PDAC-Asian cash drives Canadian iron ore project spurt

Mon Mar 5, 2012 8:57am EST

* Asian end-users step in to fill funding gap

* Explorers signing joint-ventures, supply agreements

* Turbulent stock markets make equity offerings difficult

* European banks retreated from financing, leaving gap

By Pav Jordan

TORONTO, March 5 (Reuters) - When Adriana Resources needed to develop its Lac Otelnuk iron ore project in Eastern Canada, it turned to Chinese steelmaker WISCO to help foot a bill that will eventually come to some C$12.9 billion.

WISCO, a subsidiary of global steel giant Wuhan Iron & Steel Corp, was among the few prospective partners with deep enough pockets to consider the price tag on the project to build what promises to be one of the world's largest iron ore mines.

"Logically, the only way that made any sense was to go to an end-user as a partner, because they could absorb the slightly higher capital and because by the time it comes out in the wash they are getting their material at a huge discount," Adriana Resources Chief Executive Allen Palmiere said of the investment.

"It's impossible to access capital markets for that kind of funding, it just can't be done," said Palmiere, who approached WISCO in 2009, when he was barely a month into the job.

Joint ventures like the one signed by Adriana Resources and WISCO are becoming increasingly common in Canada, marrying cash-strapped explorers and Asian partners that need bulk commodities like iron ore to feed rapid industrialization. The concept is set to be a theme at the Prospectors and Developers Association of Canada (PDAC) convention in Toronto this week.

Among the nearly 30,000 delegates at this week's PDAC event are executives from exploration companies eager to sign so-called take-off agreements, where they receive project financing in exchange for equity stakes or promises of future production.

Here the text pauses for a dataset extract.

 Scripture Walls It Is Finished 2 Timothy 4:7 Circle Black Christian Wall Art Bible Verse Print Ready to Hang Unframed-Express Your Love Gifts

Under the deal with Adriana, WISCO became the 60-percent owner of the Lac Otelnuk project, which is due to start producing some 50 million tonnes of iron ore pellets per year in northern Quebec in 2016 or 2017.

WISCO, which has already committed C$120 million to the project, will also own the right to 60 percent of production, guaranteeing supply for its steel mills for some 50 years.

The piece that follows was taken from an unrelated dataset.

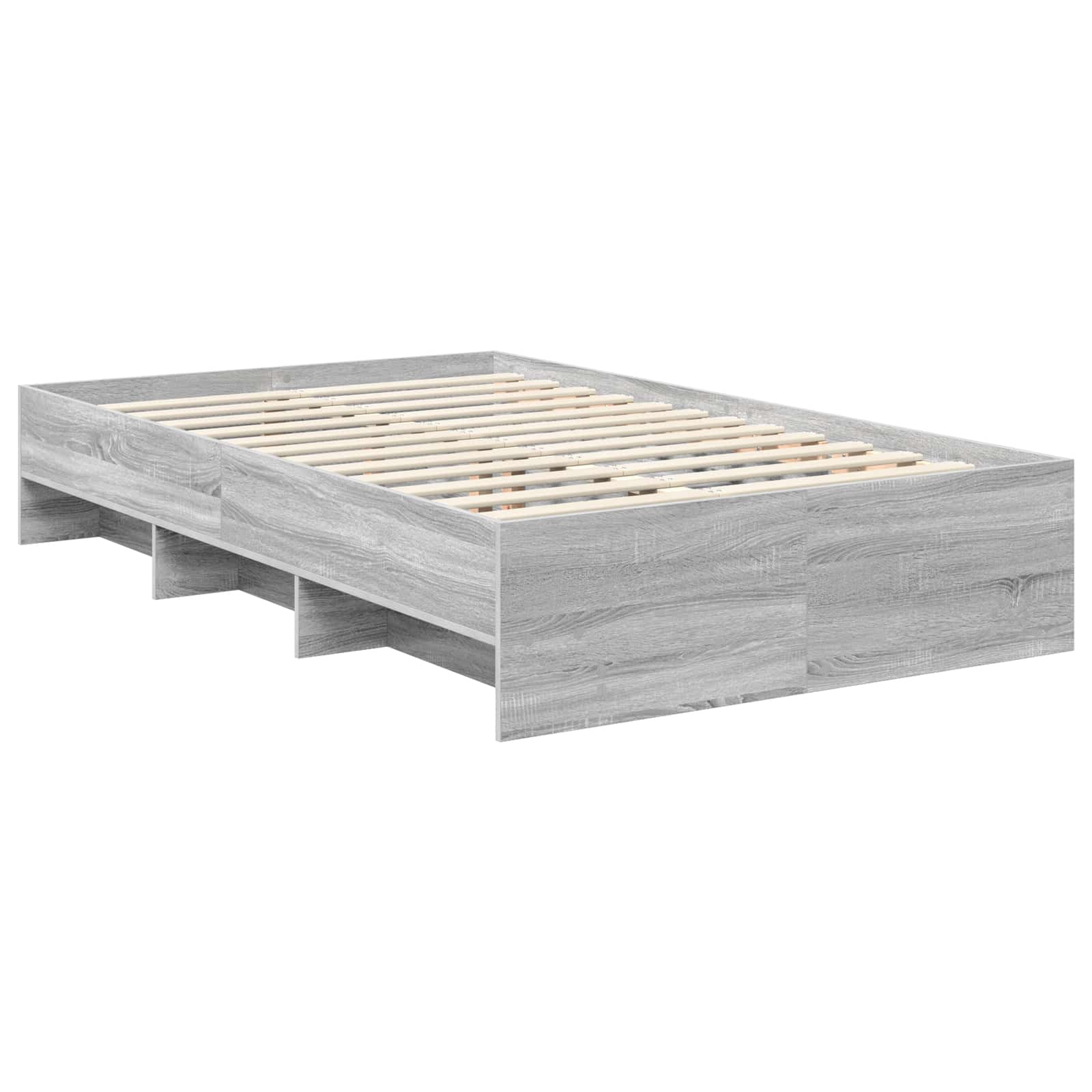Bedframe met hoofdeinde Grijs Sonoma 137 x 203 cm Bewerkt hout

"You've seen a lot more of these kinds of partnerships as a way for explorers to fund their business instead of relying on the public markets," said a investment banker at one of Canada's largest lenders.

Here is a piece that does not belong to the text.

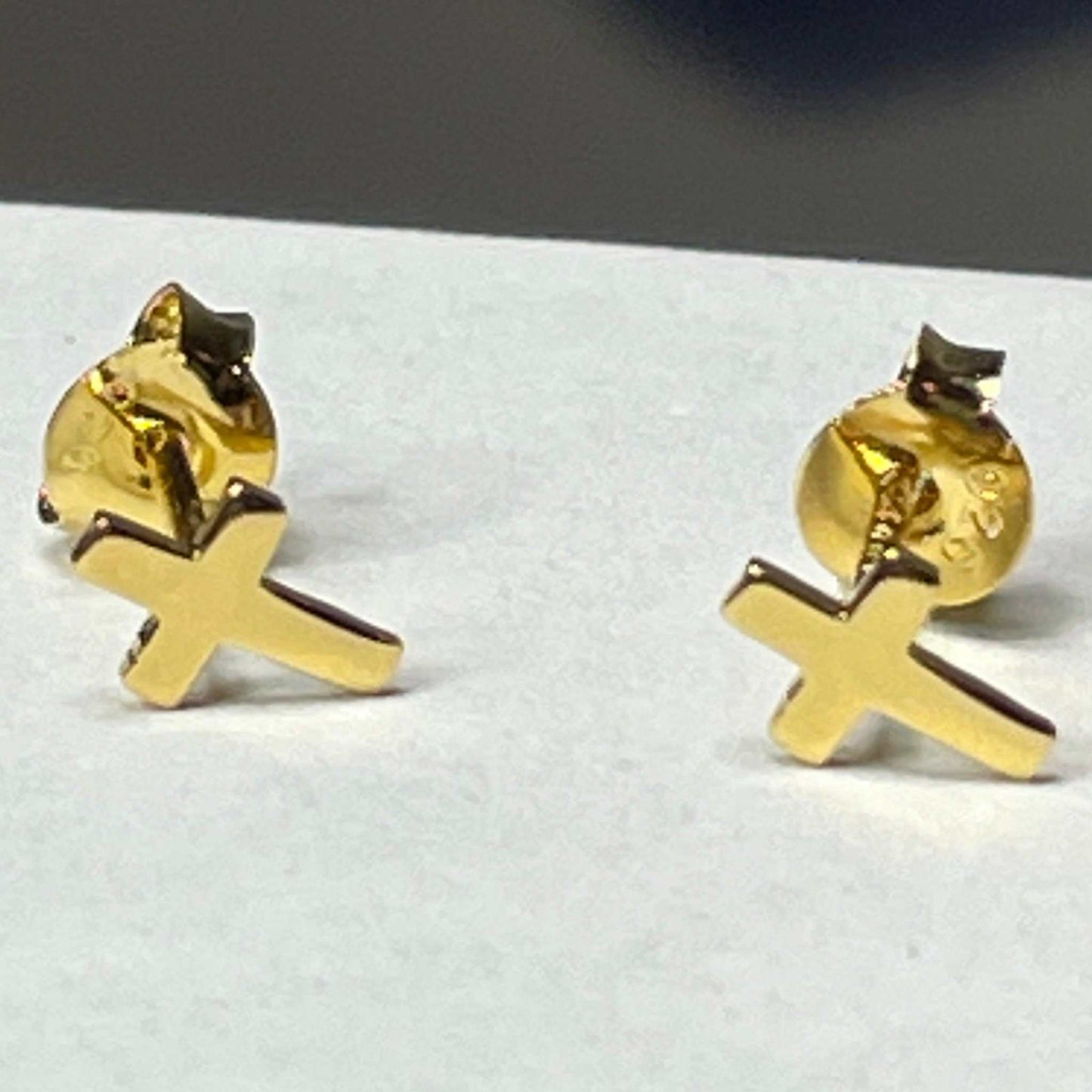 Cross Stud Earrings- 14k Gold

"Where some have used public markets, many others are moving to the strategic capital and to the trading houses of Japan, with the Chinese investors and other money out of Asia."

Both China, the most powerful force in the world economy since the 2008-09 economic crisis, and India have helped sustain commodity prices even as the weak U.S. housing market and Europe's sovereign debt crisis stymie regional growth.

Asian commodity giants have also become major project financiers as turbulent stock markets made it tough to do equity offerings. The deals are also gaining popularity as European banks retreat from strategic funding deals, bankers say.

There are few statistics to quantify growing participation by Asian powers in Canadian resources. But numerous individual examples highlight the level of Asian interest.

Another example is Century Iron Mines, Canada's largest holder of iron ore land claims, which has a joint venture agreement that gives WISCO access to 40 percent of output from three projects in the Quebec/Labrador area and a 25 percent stake in Century.

New Millennium has partnered with Indian steel giant Tata Steel to develop two projects in the same region.

Palmiere said at least three other Canadian miners in the iron ore-rich Labrador Trough in northern Quebec - home to about a dozen other early stage exploration projects - are seeking deals with Asian partners.

"I get a sense there's more and more activity of Chinese looking to Canada as sort of an acquisition point," said Michael Bourassa, a mining lawyer with Fasken Martineau DuMoulin who represented Adriana on the WISCO deal.

"There is definitely an appetite out there from people looking in Canada. They use us as sort of a stepping stone to get to the assets, because a lot them are held by juniors and intermediates here in Canada."